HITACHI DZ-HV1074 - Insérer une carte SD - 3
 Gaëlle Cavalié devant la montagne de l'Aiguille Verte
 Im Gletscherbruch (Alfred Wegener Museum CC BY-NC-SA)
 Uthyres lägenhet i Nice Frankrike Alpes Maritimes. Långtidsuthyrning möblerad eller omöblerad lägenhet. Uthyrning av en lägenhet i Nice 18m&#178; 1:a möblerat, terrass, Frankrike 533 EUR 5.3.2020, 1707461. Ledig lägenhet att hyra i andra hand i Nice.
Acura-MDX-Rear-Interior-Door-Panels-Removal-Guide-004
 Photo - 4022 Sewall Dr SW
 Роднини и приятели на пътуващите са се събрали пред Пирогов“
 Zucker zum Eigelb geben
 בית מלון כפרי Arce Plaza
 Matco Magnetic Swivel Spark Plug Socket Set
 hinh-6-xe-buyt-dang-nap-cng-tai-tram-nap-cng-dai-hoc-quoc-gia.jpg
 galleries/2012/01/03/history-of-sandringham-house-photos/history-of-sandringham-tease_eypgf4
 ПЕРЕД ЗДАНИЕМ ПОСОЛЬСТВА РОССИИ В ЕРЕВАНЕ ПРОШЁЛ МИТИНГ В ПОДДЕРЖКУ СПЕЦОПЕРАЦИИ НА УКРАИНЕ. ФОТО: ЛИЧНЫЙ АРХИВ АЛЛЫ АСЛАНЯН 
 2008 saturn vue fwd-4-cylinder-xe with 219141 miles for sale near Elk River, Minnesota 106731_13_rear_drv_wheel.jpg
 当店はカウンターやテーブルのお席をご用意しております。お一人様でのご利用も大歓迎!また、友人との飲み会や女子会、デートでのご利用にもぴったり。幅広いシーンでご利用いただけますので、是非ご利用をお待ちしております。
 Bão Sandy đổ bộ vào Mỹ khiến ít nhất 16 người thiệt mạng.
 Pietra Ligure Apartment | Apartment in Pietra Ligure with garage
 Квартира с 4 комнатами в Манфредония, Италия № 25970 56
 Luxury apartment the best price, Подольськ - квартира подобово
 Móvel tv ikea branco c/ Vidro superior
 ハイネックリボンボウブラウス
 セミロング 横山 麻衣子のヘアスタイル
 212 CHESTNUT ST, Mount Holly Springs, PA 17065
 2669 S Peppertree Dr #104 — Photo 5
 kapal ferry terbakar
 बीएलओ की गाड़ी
**********
WORK ITEM – Starting at the line with "Zucker zum Eigelb geben", restate each line through the end of the records, both ends included, and stop there.

SOLUTION TO THIS TASK –
 Zucker zum Eigelb geben
 בית מלון כפרי Arce Plaza
 Matco Magnetic Swivel Spark Plug Socket Set
 hinh-6-xe-buyt-dang-nap-cng-tai-tram-nap-cng-dai-hoc-quoc-gia.jpg
 galleries/2012/01/03/history-of-sandringham-house-photos/history-of-sandringham-tease_eypgf4
 ПЕРЕД ЗДАНИЕМ ПОСОЛЬСТВА РОССИИ В ЕРЕВАНЕ ПРОШЁЛ МИТИНГ В ПОДДЕРЖКУ СПЕЦОПЕРАЦИИ НА УКРАИНЕ. ФОТО: ЛИЧНЫЙ АРХИВ АЛЛЫ АСЛАНЯН 
 2008 saturn vue fwd-4-cylinder-xe with 219141 miles for sale near Elk River, Minnesota 106731_13_rear_drv_wheel.jpg
 当店はカウンターやテーブルのお席をご用意しております。お一人様でのご利用も大歓迎!また、友人との飲み会や女子会、デートでのご利用にもぴったり。幅広いシーンでご利用いただけますので、是非ご利用をお待ちしております。
 Bão Sandy đổ bộ vào Mỹ khiến ít nhất 16 người thiệt mạng.
 Pietra Ligure Apartment | Apartment in Pietra Ligure with garage
 Квартира с 4 комнатами в Манфредония, Италия № 25970 56
 Luxury apartment the best price, Подольськ - квартира подобово
 Móvel tv ikea branco c/ Vidro superior
 ハイネックリボンボウブラウス
 セミロング 横山 麻衣子のヘアスタイル
 212 CHESTNUT ST, Mount Holly Springs, PA 17065
 2669 S Peppertree Dr #104 — Photo 5
 kapal ferry terbakar
 बीएलओ की गाड़ी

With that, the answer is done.